> Given records
______
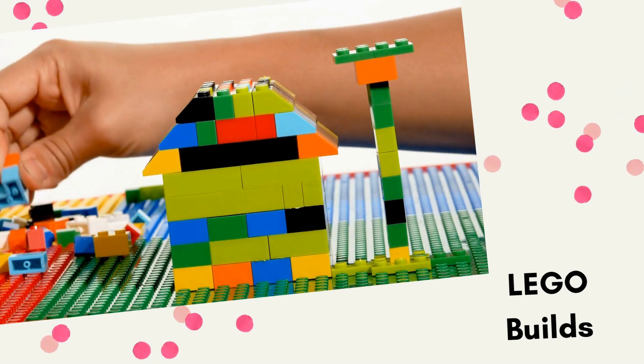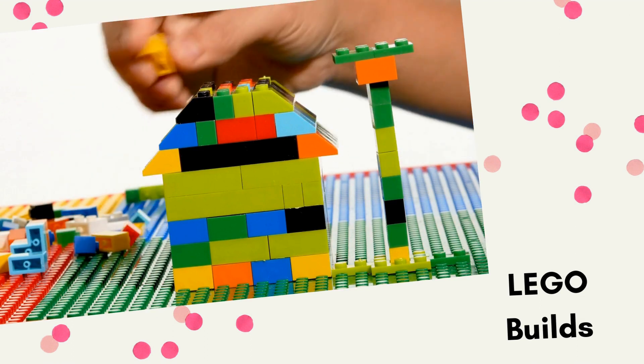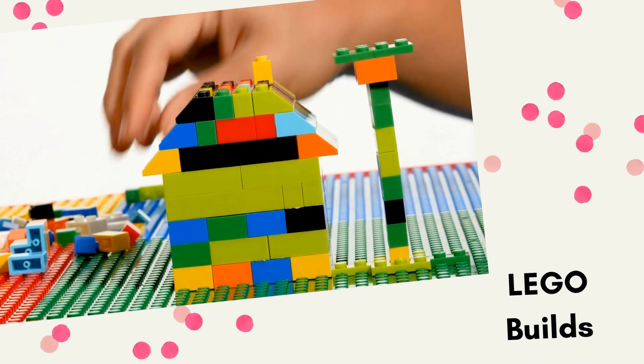The second type of STEM club to try is using Lego bricks. Whether you have Lego education kits or just mixed Lego bricks, this is a great club as well. Again, minimal prep.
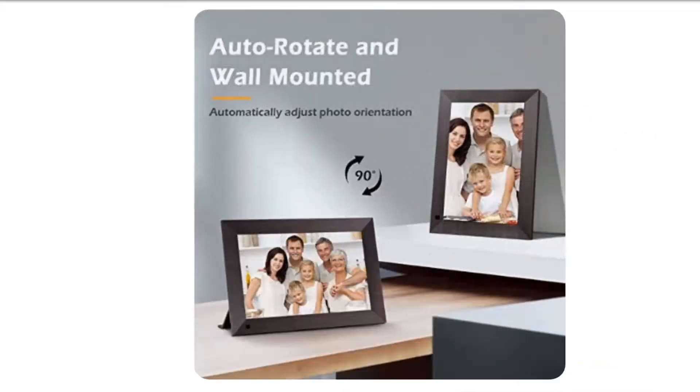100% no worry warranty. We provide a 24-month warranty and 24/7 customer service with the digital frame. To ensure the quality, all the products will be subjected to 200 hours of machine aging test before shipment. Any problem with the frame, please contact us and we will try our best to help.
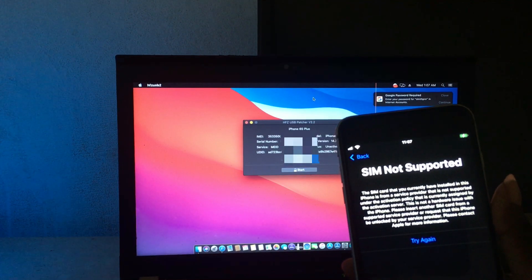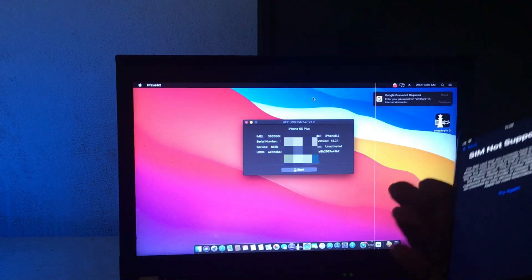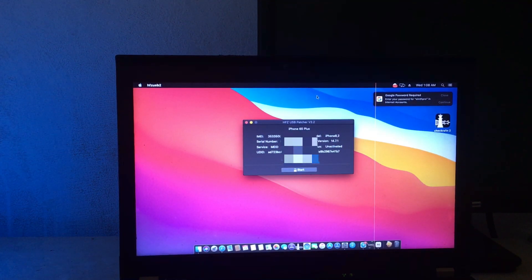Okay, you can see here the device MEID. I will show the MEID device with HFZ USB Patcher — works 100% for this. Okay, let's start. You just need to jailbreak your device.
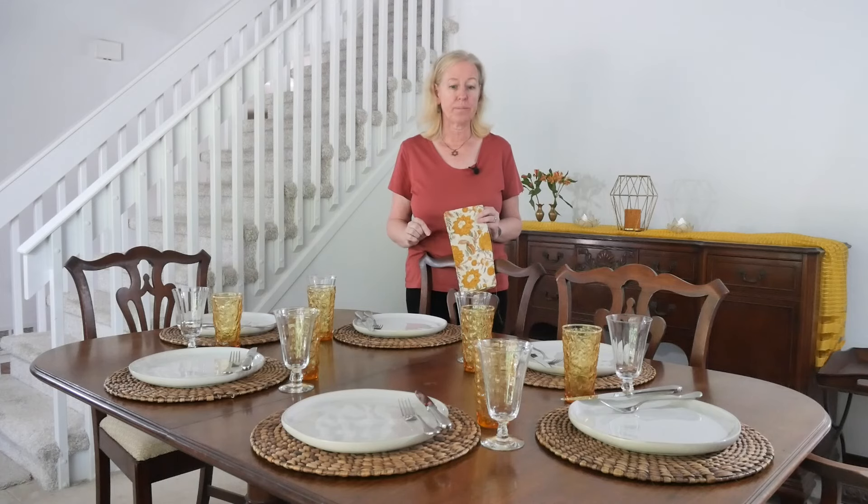When you're looking for cloth napkins, think about the dishes and glassware you have and find ones that coordinate — you don't feel you need to invest a lot. Now I have a cute fold to share with you.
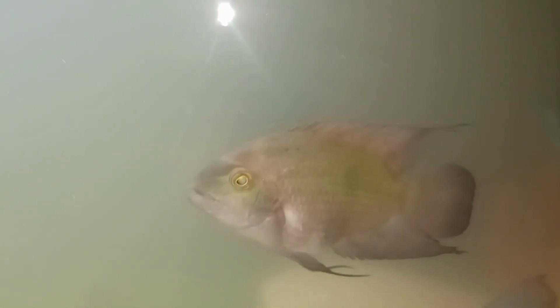Here is my gorgeous male chocolate cichlid — beautiful red purplish-brown color, which I love chocolate cichlids for. And I believe this one right here is my smaller female. I believe that's a female chocolate — both of them are very beautiful.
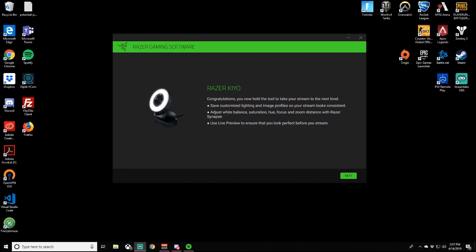So let's go ahead and go through the setup. It says: congratulations, you now hold the tool to take your stream to the next level. Customize lighting image profile so your stream is consistent - white balance, saturation, hue, focus and zoom distance with Razer Synapse. Use the live preview to ensure that you look perfect before you stream. Let's click next.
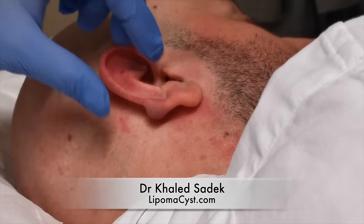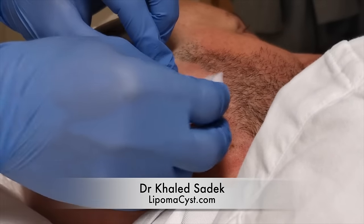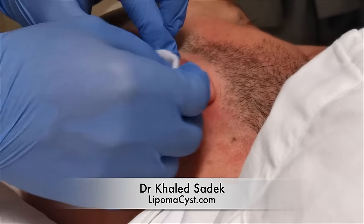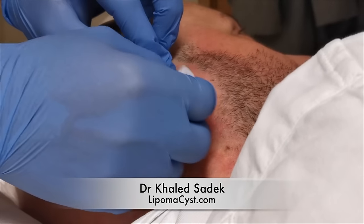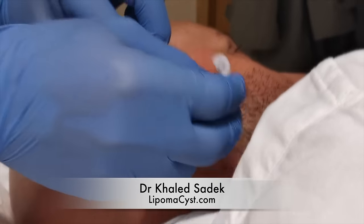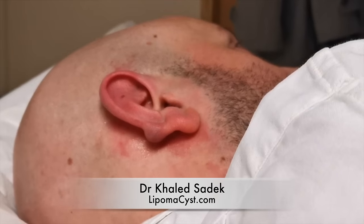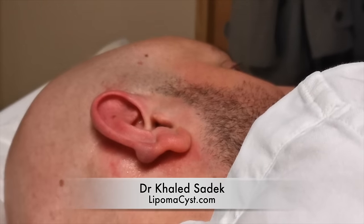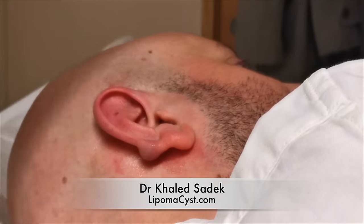So what I'm going to do first is just clean this cyst. Next up, I'm just going to put this drape on. Apart from covering your face, it might feel a little bit uncomfortable — if it does, let me know and we'll lift it.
______
> Exercise brief
The records above are to be restated word for word, excluding all pictures.

> Task solution
The second type of STEM club to try is using Lego bricks. Whether you have Lego education kits or just mixed Lego bricks, this is a great club as well. Again, minimal prep.
100% no worry warranty. We provide a 24-month warranty and 24/7 customer service with the digital frame. To ensure the quality, all the products will be subjected to 200 hours of machine aging test before shipment. Any problem with the frame, please contact us and we will try our best to help.
Okay, you can see here the device MEID. I will show the MEID device with HFZ USB Patcher — works 100% for this. Okay, let's start. You just need to jailbreak your device.
When you're looking for cloth napkins, think about the dishes and glassware you have and find ones that coordinate — you don't feel you need to invest a lot. Now I have a cute fold to share with you.
Here is my gorgeous male chocolate cichlid — beautiful red purplish-brown color, which I love chocolate cichlids for. And I believe this one right here is my smaller female. I believe that's a female chocolate — both of them are very beautiful.
So let's go ahead and go through the setup. It says: congratulations, you now hold the tool to take your stream to the next level. Customize lighting image profile so your stream is consistent - white balance, saturation, hue, focus and zoom distance with Razer Synapse. Use the live preview to ensure that you look perfect before you stream. Let's click next.
So what I'm going to do first is just clean this cyst. Next up, I'm just going to put this drape on. Apart from covering your face, it might feel a little bit uncomfortable — if it does, let me know and we'll lift it.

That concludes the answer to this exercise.